Multivariate Normal Imputation allows the option to use a shrinkage estimator for the covariances. The use of shrinkage estimators is a way of improving the estimation of the covariance matrix. For more information about shrinkage estimators, see Schäfer and Strimmer (2005).
Note: If a validation column is specified, the covariance matrices are computed using observations from the Training set.
The Multivariate SVD Imputation method in the Explore Missing Values platform imputes missing values using the singular value decomposition (SVD). This method is useful for data with hundreds or thousands of variables. Because SVD calculations do not require calculation of a covariance matrix, the SVD method is recommended for wide problems that contain large numbers of variables. The procedure requires that all variables have a Continuous modeling type.
The singular value decomposition represents a matrix of observations X as X = UDV′, where U and V are orthogonal matrices and D is a diagonal matrix.

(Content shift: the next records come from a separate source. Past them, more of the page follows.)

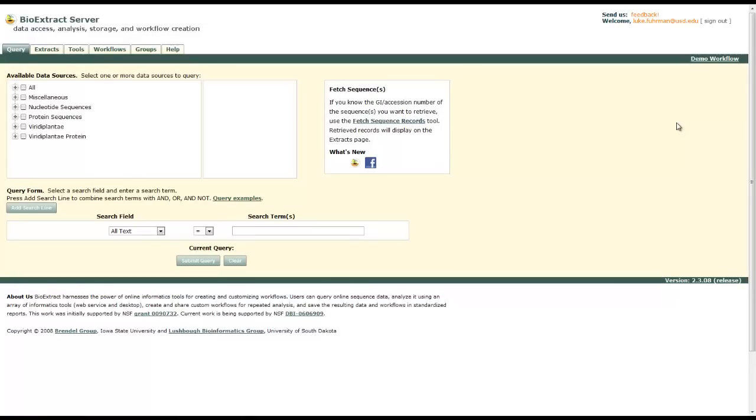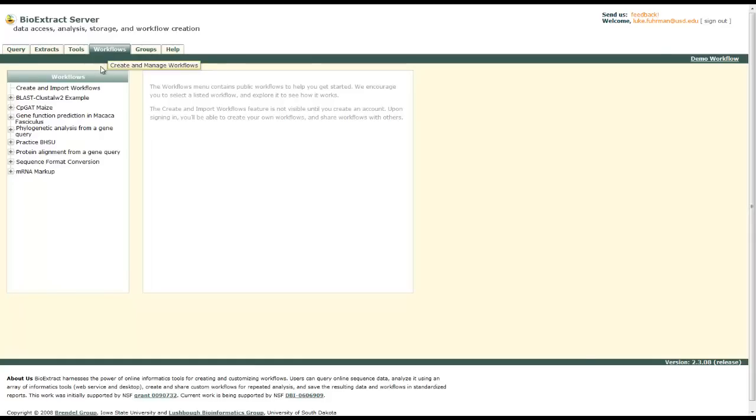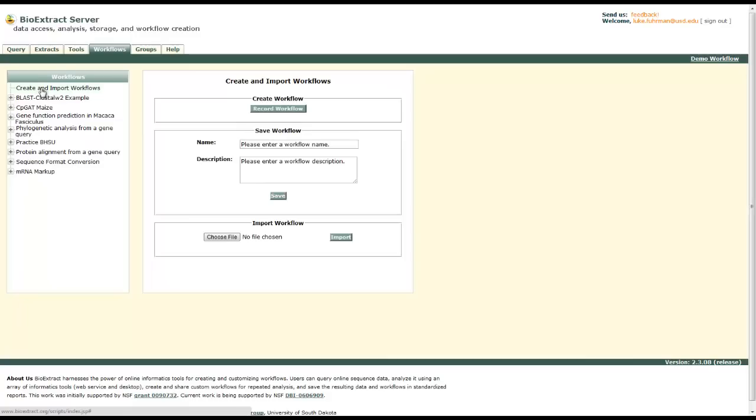Once you've signed in, go to the workflows tab and on the left at the top, create and import workflows. This will allow us to save workflows for later usage.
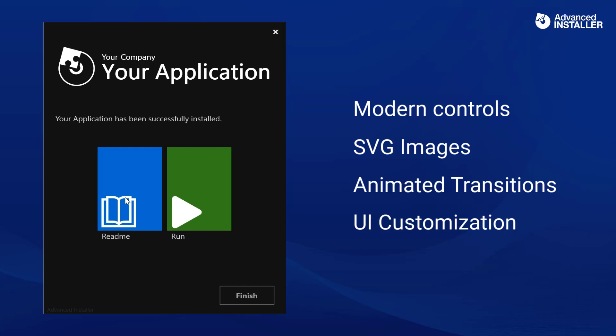We can notice the pointer-optimized animation when pressing in the right corner of the button, giving you the Windows design feel.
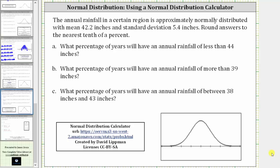The annual rainfall in a certain region is approximately normally distributed with a mean of 42.2 inches and a standard deviation of 5.4 inches. What percentage of years will have an annual rainfall of less than 44 inches? We're told to round answers to the nearest tenth of a percent.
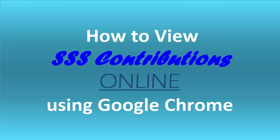Hi, Janice here of PinayInvestor.com. Today, I'm going to show you how to view your SSS contributions online using Google Chrome.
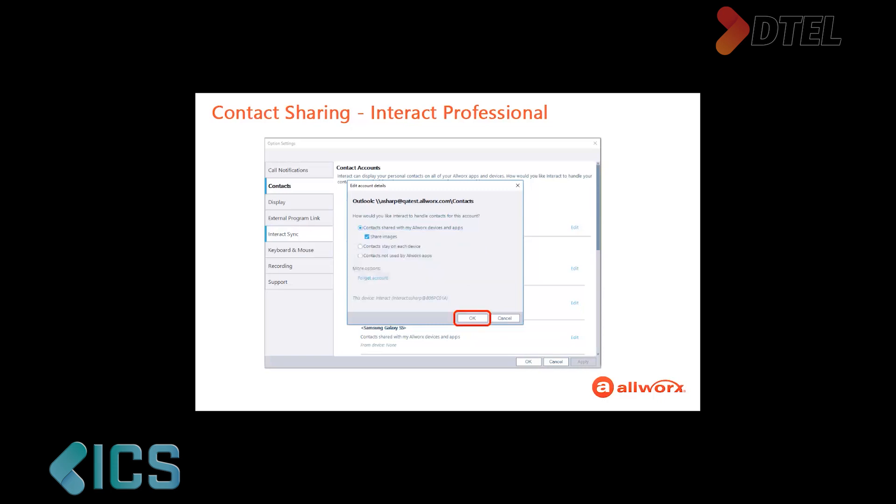Since you want to continue sharing the contacts from the Outlook account, press the No button. After clicking the radio button next to your selection, click the OK button in the bottom right corner of the screen.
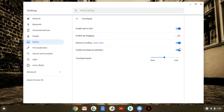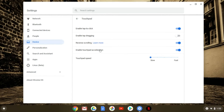Next up we have enable touchpad acceleration — you can turn that on or off. And the last thing we have is your touchpad speed. If I have it set to fast you can see how much faster my scrolling is. If I go to slow, I'm really having to move to scroll. I like it somewhere in the middle. If you'd like to increase or decrease the speed, that's where you would do that.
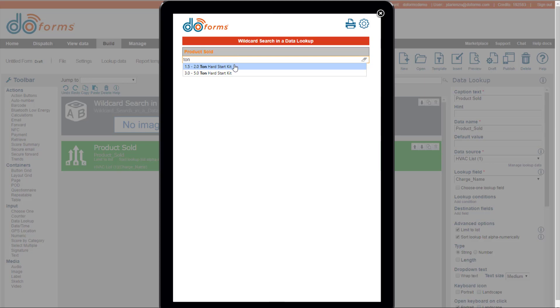Very powerful. And in DoForms, if you have a very large data set on a mobile device, it will only load the first 500 items in. So you would have to turn on wildcard search in order to be able to find your items. And we do that for performance purposes. So it's very important that you turn that on.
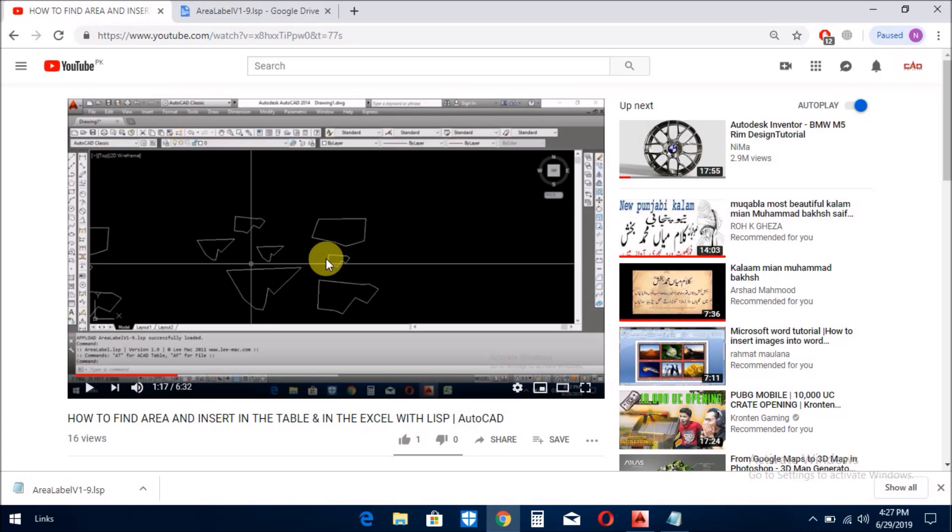اگر آپ کو میری یہ ویڈیو پسند آئی ہے تو میرے چینل کو subscribe کریں۔ بہت شکریہ، السلام علیکم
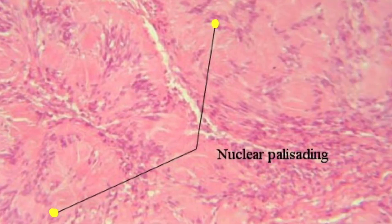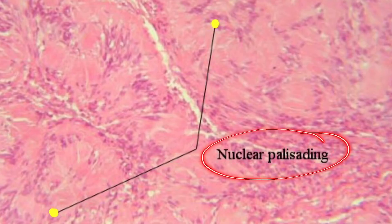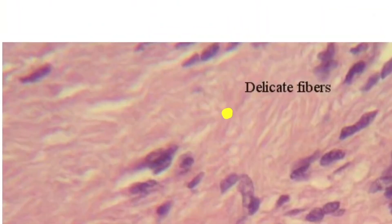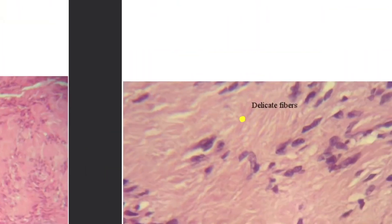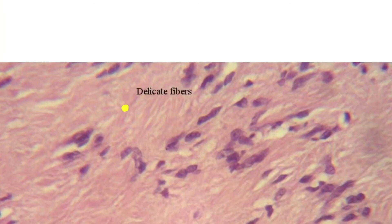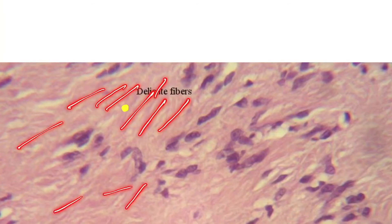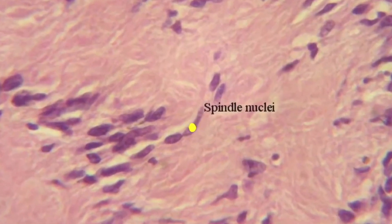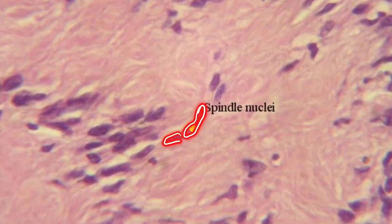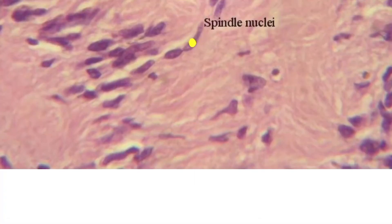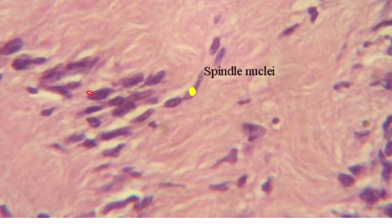These are called the nuclear palisading. And here you can see the delicate fibers - pink color fibers. The nucleus is spindle-shaped. Here you can see the spindle nuclei throughout. And this is a palisade.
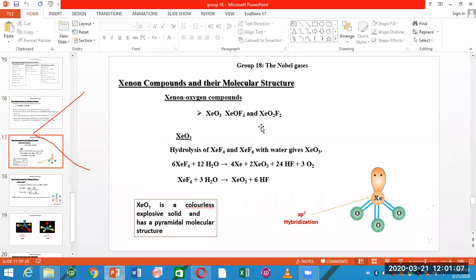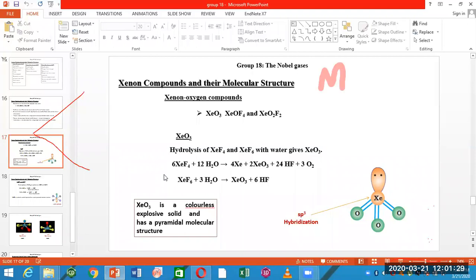Xenon oxyfluoride compounds include XeO3, XeOF4, and XeO2F2. These are three compounds in which xenon, oxygen, and fluorine coexist. XeF2 is the first fluoride compound in this series.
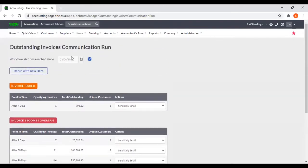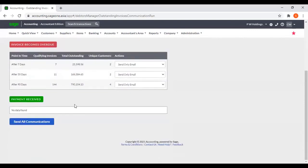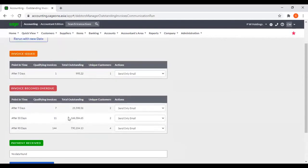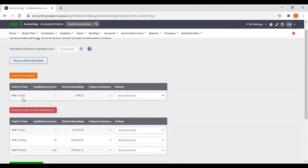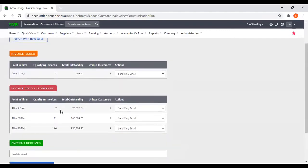Now from this Outstanding Invoices Communication Run, you can send invoice reminders to your customers. From here you can view invoices issued after seven days — one invoice — and overdue invoices after seven days: seven; after 30 days: 11; and after 90 days: 144.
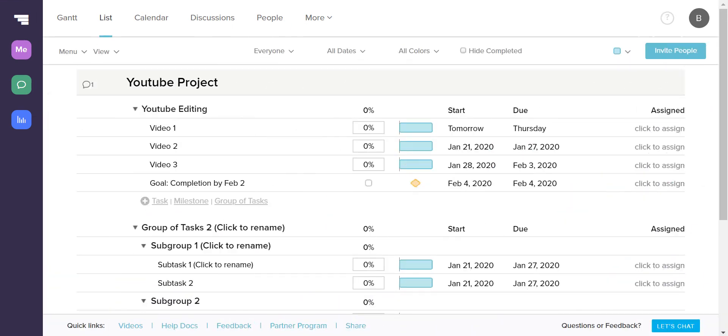The first tab I want to go over is the list tab. Similar to the left side of the dashboard, it brings up a detailed list of any ongoing projects under their respective categories. Just like on the dashboard, you can edit the names, dates, and assign tasks to any of the collaborators you added to your project.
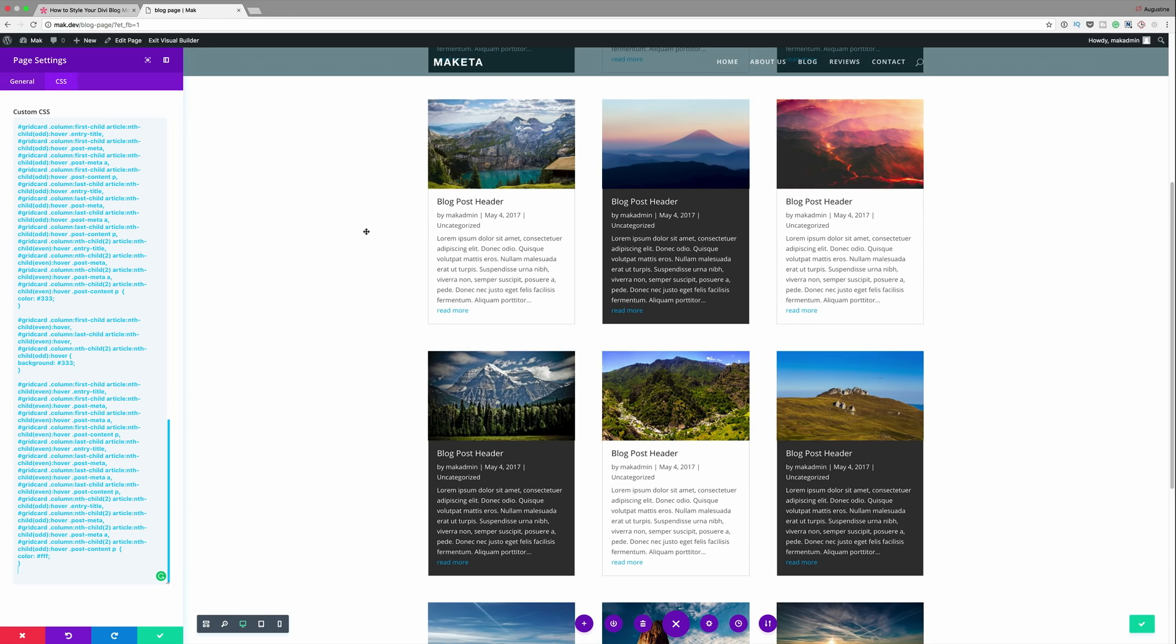So in this third example we're going to apply the same dark background and white text on the cards in every other row not column. So again in order for us to achieve this we're going to need to add the CSS code. I'm going to go back into my CSS tab and I'm just going to enter my CSS code.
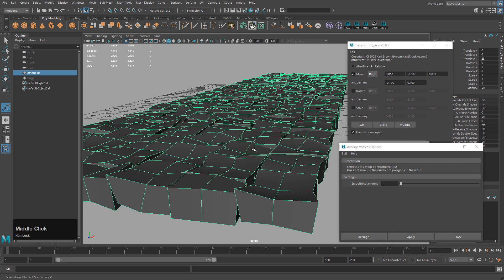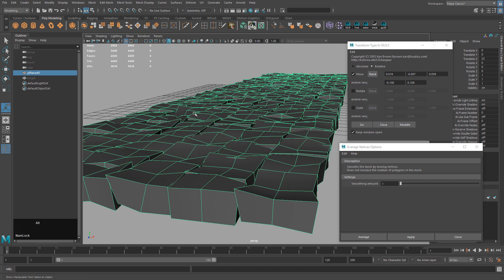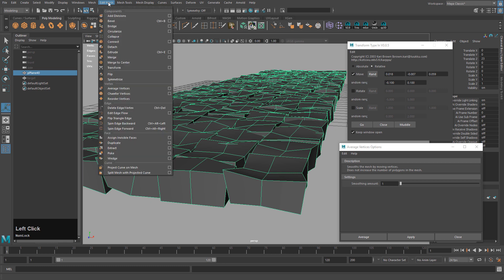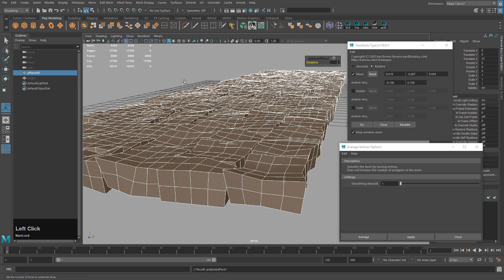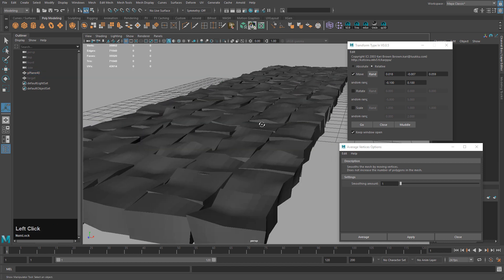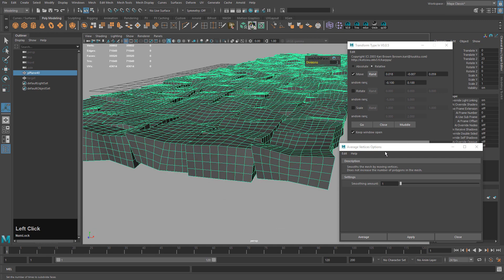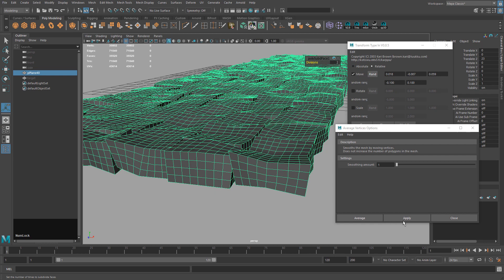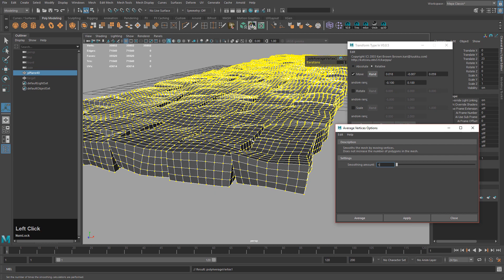I need to add subdivisions without actually smoothing the shapes. The Smooth option would soften things, but I just want to add divisions — that's under Edit Mesh > Add Divisions. Hit Apply and set it to 2 to add twice the number of divisions. Then I'll apply Average Vertices again to soften the edges a little bit.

The SVD algorithm used in the Multivariate SVD Imputation method is the sparse Lanczos method, also known as the implicitly restarted Lanczos bidiagonalization method (IRLBA). See Baglama and Reichel (2005). The Multivariate SVD Imputation algorithm does the following:
1. Each missing value is replaced with its column’s mean.
2. An SVD decomposition is performed on the matrix of observations, X.
3. Each cell that had a missing value is replaced by the corresponding element of the UDV′ matrix obtained from the SVD decomposition.
4. Steps 2 and 3 are repeated until the SVD converges to the matrix X or the maximum number of iterations is reached.
The Multivariate Robust PCA method in the Explore Missing Values platform imputes missing values using robust principal components, which replaces missing values using a low-rank matrix factorization (SVD) that is robust to outliers. This is the same method that is used in the Robust PCA Outliers method in the Explore Outliers platform. See Robust PCA Outliers. This method is useful for wide problems, but can sometimes be computationally expensive for very large dimensions.
The Automated Data Imputation (ADI) method in the Explore Missing Values platform imputes missing values using a low-rank matrix approximation method, also known as matrix completion. Once trained, the ADI model is capable of performing missing data imputations for streaming data through scoring formulas. Streaming data are added rows of observations that become available over time and were not used for tuning or validating the imputed model. This method is flexible, robust, and automated to select the best dimension for the low-rank approximation. These features enable ADI to work well for many different types of data sets.
A low-rank approximation of a matrix is of the form X = UDV′ and can be viewed as an extension of singular value decomposition (SVD). ADI uses the Soft-Impute method as the imputation model and is designed such that the data determines the rank of the low-rank approximation.
The ADI algorithm performs the following steps:
1. The data are partitioned into training and validation sets.
2. Each set is centered and scaled using the observed values from the training set.
3. For each partitioned data set, additional missing values are added within each column and are referred to as induced missing (IM) values.
4. The imputation model is fit on the training data set along a solution path of tuning parameters. The IM values are used to determine the best value for the tuning parameter.
5. Additional rank reduction is performed using the training data set by de-biasing the results from the chosen imputation model in step 4.
6. Final rank reduction is performed to calibrate the model for streaming data and to prevent overfitting. This is done by fitting the imputation model on the validation set, using the rank determined in step 5 as an upper bound.
If the algorithm is unable to find a low-rank approximation, the mean is imputed for continuous variables and the mode is imputed for categorical variables. These values are calculated from the training set.